Once Wilson moved into the White House, "he quickly moved to put his antimonopoly vision into action. Among the most consequential steps he took was to sign into law the Clayton Act of 1914, which toughened antitrust regulations. As Lynn relates in his book, Wilson sent the pen that he had used to sign the bill into law to Samuel Gompers, the head of the American Federation of Labor, the most important labor union in the country. Both men understood that labor policy and antitrust policy were two sides of the same coin: pro-labor laws made it easier for workers to unionize, and antitrust laws made it harder for capitalists to collude with one another and abuse workers. Gompers called the Clayton Act 'Labor’s Magna Carta.'" Wilson' racism-- not as pronounced as Roosevelt's, but pronounced enough-- guaranteed an incomplete victory (i.e., a failure) that abandoned Black citizens. Teachout wrote that "when confronted with the challenge of building a multiracial coalition, populists and progressives shrank from the task, embracing first helplessness, then racism, and finally segregation-- preferring, in the end, to keep the support of white southern Democrats, in a prelude to the dynamic that, years later, would limit the reach of the New Deal."


Like their forebears in the early twentieth century, today’s Americans have experienced decades of growing inequality and increasing concentrations of wealth and power.

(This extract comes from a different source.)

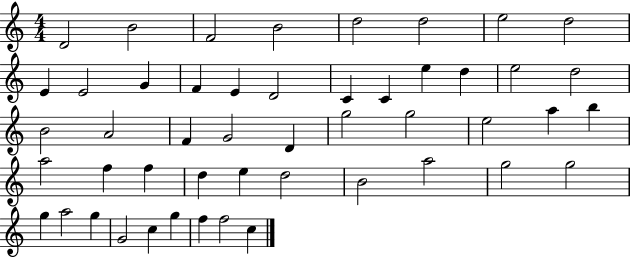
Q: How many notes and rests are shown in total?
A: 49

The last decade alone witnessed nearly 500,000 corporate mergers worldwide. Ten percent of Americans now control 97 percent of all capital income in the country. Nearly half of the new income generated since the global financial crisis of 2008 has gone to the wealthiest one percent of U.S. citizens. The richest three Americans collectively have more wealth than the poorest 160 million Americans. In most industries, a few companies control the field, dictating terms, squeezing out competitors, and using differential pricing to extract cash and power. Three companies control digital advertising, four companies dominate beef packing, and an ever-shrinking number own the country’s hospitals. To turn back this monopolistic tide, today’s populists and progressives should focus on the priorities that drove their forebears: breaking up companies that have become too big (or reclassifying them as public utilities) and making it harder for wealth to buy political influence by strictly limiting campaign contributions.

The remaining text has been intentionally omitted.